When the government starts acting like a business, the courts have had problems with this powerful remnant of regal immunity. Aside from passing laws, state legislatures engage in a variety of construction ventures. They build schools, clear and maintain playgrounds, build roads, and fund power installations. Most, if not all, electrical contractors will, at some time, have one of these projects.

In order to induce contractors to perform state-funded work, the government will waive its immunity and allow itself to be sued within prescribed boundaries. For this purpose, many state and county governments have contract disputes statutes and even dispute-review boards. However, sovereign immunity continues to exist unless it is explicitly waived by statute.

One application of sovereign immunity that may come as a surprise concerns statutes of limitation. With these statutes, after a fixed period of time, a party no longer may pursue its rights in court. Each state has its own time limits. Depending on whether the claim is for breach of contract or a tort (negligence), the statute of limitations may be one, two, six or more years. Regardless, there will come a time when you no longer need to be concerned about being sued. The “sovereign” is not necessarily subject to this constraint. It may be immune to general limitation laws.

Why do the Seattle Mariners matter?

The Washington State Major League Baseball Stadium Public Facilities District (PFD) is the owner of Safeco Field in Seattle. Through arrangements with the Baseball Club of Seattle LP (the Seattle Mariners), the PFD developed the field. It employed a joint venture of two large contractors for the work. After three years of construction, the project was substantially complete.

Seven years later, there was a catastrophic failure of the fire-protection coating system of the exposed steel beams. PFD sued the contractor for breach of contract. However, because of a six-year statute of limitations on breach of contract claims in Washington, the case was dismissed. The Supreme Court reversed the decision and reinstated the lawsuit.
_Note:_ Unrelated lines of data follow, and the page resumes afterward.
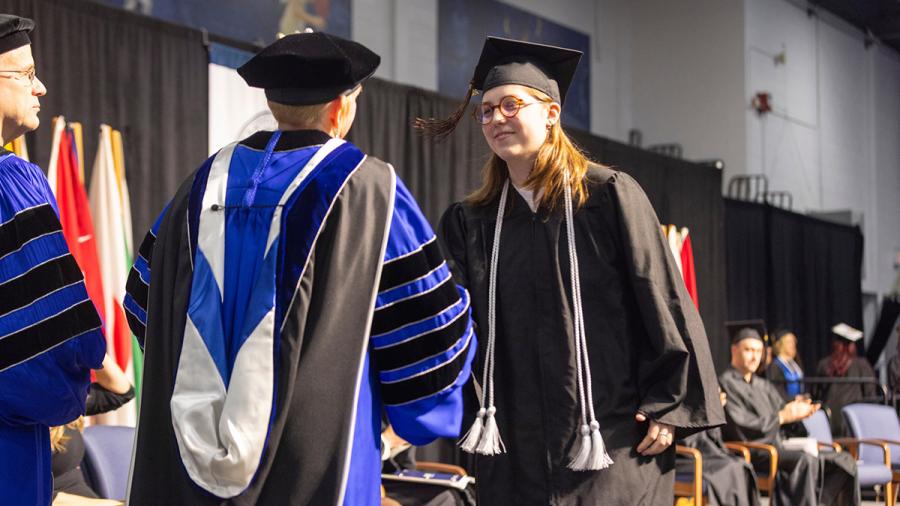 Woman receives diploma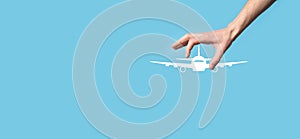 Male hand holding plane airplane icon on blue background. Banner.nline ticket purchase.Travel icons about travel planning,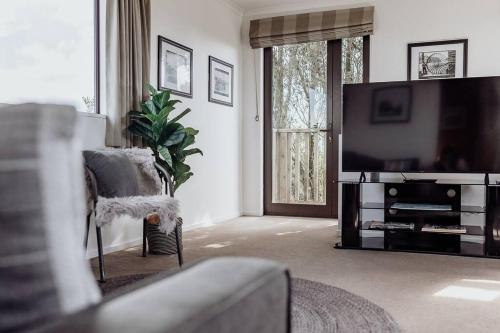 a living room with a large flat screen tv at Sunset View Point in Hokitika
At the heart of the legal question of time limits was the Washington statute, which stated, in part, that “there shall be no limitation to actions brought in the name or for the benefit of the state.” On its face, this law allows the state to bring a breach of contract action at any time in the future. Realize also that this statute is not limited to contract actions. An earlier case allowed a school district to bring a tort claim for design and construction defects 20 years after completion of a school.

This decision, exempting the state from statutes of limitation, is not unique to Washington but generally is true across the country. The effects of a late lawsuit on a contractor’s insurances, and on the liabilities of lower tier subcontractors and suppliers, are not clear.
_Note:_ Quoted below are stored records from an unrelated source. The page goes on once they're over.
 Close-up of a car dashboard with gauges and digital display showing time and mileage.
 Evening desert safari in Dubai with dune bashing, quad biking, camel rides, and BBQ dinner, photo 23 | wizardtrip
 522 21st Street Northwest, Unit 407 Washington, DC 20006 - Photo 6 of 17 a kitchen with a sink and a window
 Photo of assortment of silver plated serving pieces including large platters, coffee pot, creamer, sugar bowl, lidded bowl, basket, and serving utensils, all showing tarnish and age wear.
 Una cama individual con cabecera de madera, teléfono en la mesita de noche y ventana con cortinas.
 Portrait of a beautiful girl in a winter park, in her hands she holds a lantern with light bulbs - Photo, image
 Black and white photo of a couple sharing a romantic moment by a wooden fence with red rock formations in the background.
Sovereign acts versus commercial ventures

The Latin phrase “nullum tempus occurrit regi,” means “no time runs against the king.” These days, however, state governments get into ventures far removed from traditional governing functions. In some instances, the courts have found that the government is not acting in its sovereign capacity and so is not immune from the law. The line between sovereign or proprietary is not easily defined.
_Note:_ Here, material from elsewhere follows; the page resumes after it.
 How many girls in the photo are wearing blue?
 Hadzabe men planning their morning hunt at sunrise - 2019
State-owned and maintained commercial ballparks are within the sovereign acts protection. These facilities have been held to fall within the scope of a sovereign function in Illinois, Maryland and Wisconsin, even though the heart of these ventures is a professional ball club, and entry to the park is not free.

On the other hand, it has been held that an electrical supply system, owned and operated by the state, is not a sovereign function. In Washington Public Power Supply System v. General Electric Co., there is “no indication in the Washington Constitution [...] that the development, production, or sale of electrical energy [...] is a sovereign duty of the state.”

According to the case law, “The mere fact that a government project serves a public purpose or grants an economic benefit does not elevate it to the level of a sovereign act. [...] Public health and safety are not the basis [sic] for distinguishing between governmental and proprietary functions of a municipality.”

How can you know?

Courts in Arizona, Massachusetts, Michigan and North Carolina have held that, when substantial admission fees are charged, a state or municipal ballpark is not exempt from the statutes of limitation. In Virginia and Pennsylvania, some state projects have been deemed to be “proprietary” because state law did not require them to be built, but they were allowed to be built under enabling legislation. As such, statutory time limits apply.

There have been efforts by the American Bar Association and others to develop a uniform procurement code that would clarify and, in some instances, eliminate, this residual, antique concept of sovereign immunity. Where the concept persists in state law, the effects can take a contractor by surprise and indefinitely extend one’s potential liability.